- Introduction
- Marketplace Prerequisites
- Service Principals and Identity Providers
- CLI flags
- Cluster Definition (aka API Model)
- Azure Stack Hub Instances Registered with Azure's China cloud
- Disconnected Azure Stack Hub Instances
- AKS Engine Versions
- Cloud Provider for Azure
- Azure Monitor for containers
- Volume Provisioner: Container Storage Interface Drivers (preview)
- Known Issues and Limitations
- Frequently Asked Questions
Specific AKS Engine versions can be used to provision self-managed Kubernetes clusters on Azure Stack Hub. AKS Engine's generate
, deploy, upgrade, and scale commands can be executed as if you were targeting Azure's public cloud.
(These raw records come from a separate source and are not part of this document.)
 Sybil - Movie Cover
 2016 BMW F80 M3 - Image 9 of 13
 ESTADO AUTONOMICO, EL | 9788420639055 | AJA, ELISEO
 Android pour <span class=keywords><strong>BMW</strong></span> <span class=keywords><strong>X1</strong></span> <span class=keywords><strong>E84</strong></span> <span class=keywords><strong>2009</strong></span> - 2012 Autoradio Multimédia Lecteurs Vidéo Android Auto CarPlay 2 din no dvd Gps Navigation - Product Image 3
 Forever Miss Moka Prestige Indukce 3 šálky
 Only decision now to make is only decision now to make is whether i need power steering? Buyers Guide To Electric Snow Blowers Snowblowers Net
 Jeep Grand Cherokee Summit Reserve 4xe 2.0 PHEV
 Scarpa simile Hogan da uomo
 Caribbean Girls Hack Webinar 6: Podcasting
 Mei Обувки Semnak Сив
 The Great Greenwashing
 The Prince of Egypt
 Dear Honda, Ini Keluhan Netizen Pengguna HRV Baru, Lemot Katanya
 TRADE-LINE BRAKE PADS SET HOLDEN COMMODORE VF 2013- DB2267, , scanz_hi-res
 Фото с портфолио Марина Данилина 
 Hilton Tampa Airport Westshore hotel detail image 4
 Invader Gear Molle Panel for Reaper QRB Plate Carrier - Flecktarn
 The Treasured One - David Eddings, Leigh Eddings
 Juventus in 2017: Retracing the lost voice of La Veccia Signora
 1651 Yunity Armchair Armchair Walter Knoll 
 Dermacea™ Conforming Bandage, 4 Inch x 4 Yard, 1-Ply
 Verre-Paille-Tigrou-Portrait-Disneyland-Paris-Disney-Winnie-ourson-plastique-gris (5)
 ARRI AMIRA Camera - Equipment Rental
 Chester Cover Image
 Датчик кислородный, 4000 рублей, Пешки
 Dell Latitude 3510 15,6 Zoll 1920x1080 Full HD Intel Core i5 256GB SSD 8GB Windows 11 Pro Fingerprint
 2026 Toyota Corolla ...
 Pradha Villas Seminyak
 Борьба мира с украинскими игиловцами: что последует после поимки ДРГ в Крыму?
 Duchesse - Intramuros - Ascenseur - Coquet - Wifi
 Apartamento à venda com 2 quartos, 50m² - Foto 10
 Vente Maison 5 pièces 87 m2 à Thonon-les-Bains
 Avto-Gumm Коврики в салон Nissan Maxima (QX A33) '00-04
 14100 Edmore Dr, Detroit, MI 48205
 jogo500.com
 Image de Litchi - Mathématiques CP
You are only required to slightly update your cluster definition to provide some extra information about your Azure Stack Hub instance.
The goal of this guide is to explain how to provision Kubernetes clusters to Azure Stack Hub using AKS Engine and to capture the differences between Azure and Azure Stack Hub. Bear in mind as well that not every AKS Engine feature or configuration option is currently supported on Azure Stack Hub. In most cases, these are not available because dependent Azure components are not part of Azure Stack Hub.
Because Azure Stack Hub instances do not have infinite storage available, Azure Stack Hub administrators are in charge of managing it by selecting which marketplace items are downloaded from Azure's marketplace. The Azure Stack Hub administrator can follow this guide for a general explanation about how to download marketplace items from Azure.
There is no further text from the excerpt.